Two-factor authentication

By default, an external sign-in respects the local user's normal Sphinx two-factor configuration, exactly like an interactive login: if the user has two-factor enabled (TUser.TwoFactorEnabled, TwoFactorRequired, or the global login option), Sphinx still challenges for the second factor before completing the sign-in.

However, when authentication is delegated to an upstream provider, the upstream is usually the authentication authority — and it may have already performed multi-factor authentication. Whether to additionally enforce Sphinx's own second factor is a per-provider decision that only you can make, because you know how your chosen provider behaves.
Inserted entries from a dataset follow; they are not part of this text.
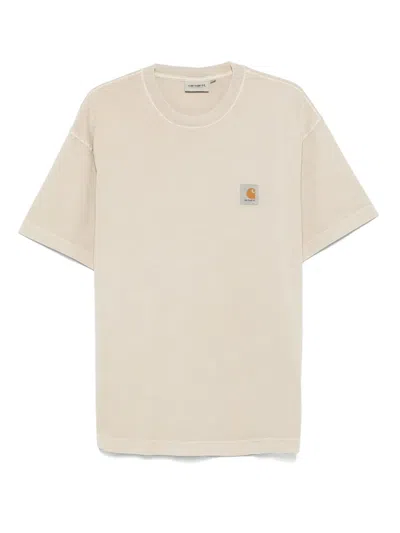 CARHARTT NELSON T-SHIRT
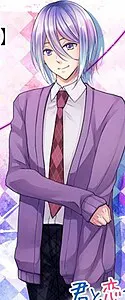 紫乃宮 レン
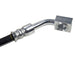 Brake hose - BH1031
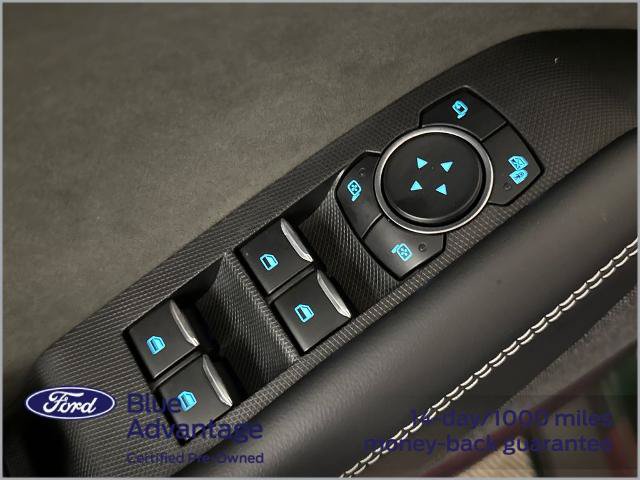 Certified 2025 Ford Mustang Mach-E GT AWD/4WD image 14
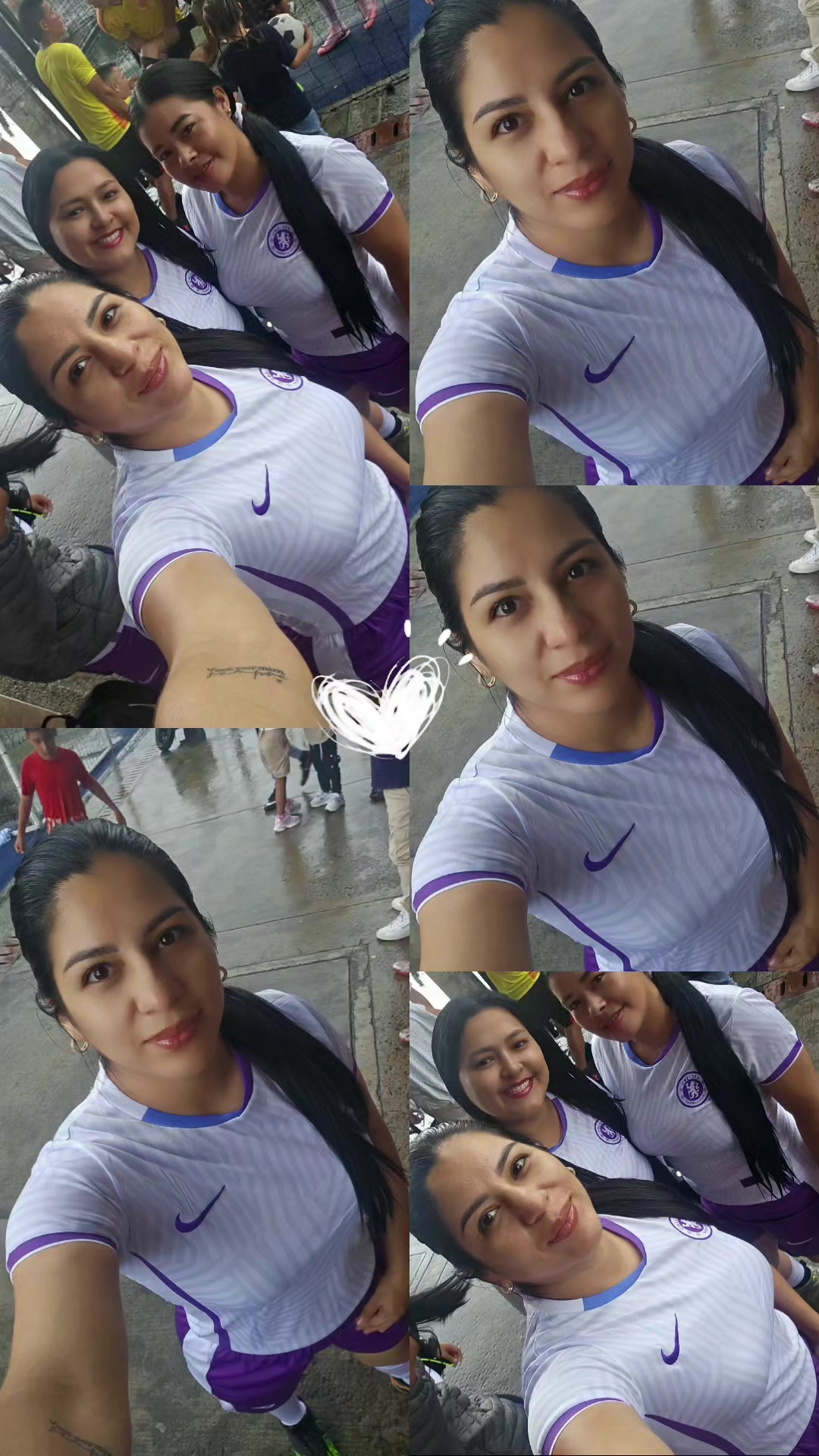 @vivian vargas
The TExternalSign​InArgs.​Skip​TwoFactor property is that control:

  • Leave it False (the default) to honor the user's normal Sphinx two-factor configuration.
  • Set it to True to trust the upstream's authentication and skip Sphinx's own challenge.
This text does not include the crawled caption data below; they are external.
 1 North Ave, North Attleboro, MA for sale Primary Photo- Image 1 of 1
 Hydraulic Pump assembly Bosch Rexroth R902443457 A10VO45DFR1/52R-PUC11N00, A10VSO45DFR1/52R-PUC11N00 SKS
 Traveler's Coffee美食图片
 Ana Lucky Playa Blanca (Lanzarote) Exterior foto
A common pattern is to inspect the upstream amr (authentication methods, RFC 8176) or acr claims — available through Args.AuthResult.Profile.Source (the raw id_token claims) or Args.AuthResult.IdToken — to confirm the provider already performed MFA, and skip the local challenge accordingly:

procedure TForm1.SphinxConfig1ExternalSignIn(Sender: TObject;
  Args: TExternalSignInArgs);
begin
  Args.User := ResolveLocalUser(Args);

  // The upstream already performed multi-factor authentication (inspect the amr/acr claims in
  // Args.AuthResult): trust it and do not challenge again.
  if UpstreamPerformedMfa(Args.AuthResult) then
    Args.SkipTwoFactor := True;
end;
Note

When the local two-factor challenge is required, the callback redirects the browser to the Sphinx login application to resolve the second factor, just like the password login flow. The login application then either prompts for the authenticator code (when the user already has two-factor enabled) or guides the user through authenticator setup, showing a QR code (when two-factor is required but not yet configured). Once completed, the original request resumes and the client receives its Sphinx authorization code or token.

Trying it in the demo

The Simple demo server (demos/Simple/Server) ships a ready-to-fill template in ConfigureExternalProviders (MainForm.pas). Register the demo's callback URL, http://localhost:2001/tms/sphinx/oauth/external/callback, as an authorized redirect URI in the Google Cloud Console, then drop in your credentials:

Provider := SphinxConfig1.ExternalProviders.Add;
Provider.Name := 'google';
Provider.DisplayName := 'Google';
Provider.Authority := 'https://accounts.google.com';
Provider.ClientId := '<your-google-client-id>';
Provider.ClientSecret := '<your-google-client-secret>';
Provider.ShowInLoginPage := True;

A "Continue with Google" button then appears on the login page. The demo's OnExternalSignIn handler resolves the user by its link first, then matches by e-mail and persists a TUserLogin link (provisioning a local user on first sign-in), so the brokered flow works end to end.

Security notes

  • PKCE, state and nonce are generated by Sphinx for the upstream request and validated when the callback is processed.
  • The callback is bound to the originating browser through a single-use sphinx.external cookie that is compared against the upstream state; a mismatch is rejected.
  • The external authorization state is single-use and subject to idle and absolute expiry.
  • Client secrets configured for upstream providers are kept on the server only.
  • Issuer validation is on by default and should be kept on. For multi-tenant providers whose issuer is a {tenantid} template (see Multi-tenant providers), Sphinx resolves the placeholder with each token's tenant id before validating, so there is no need to disable validation. Enable TSphinxExternal​Provider.​Skip​Issuer​Validation only as a last resort, for providers whose per-tenant issuer cannot be validated any other way.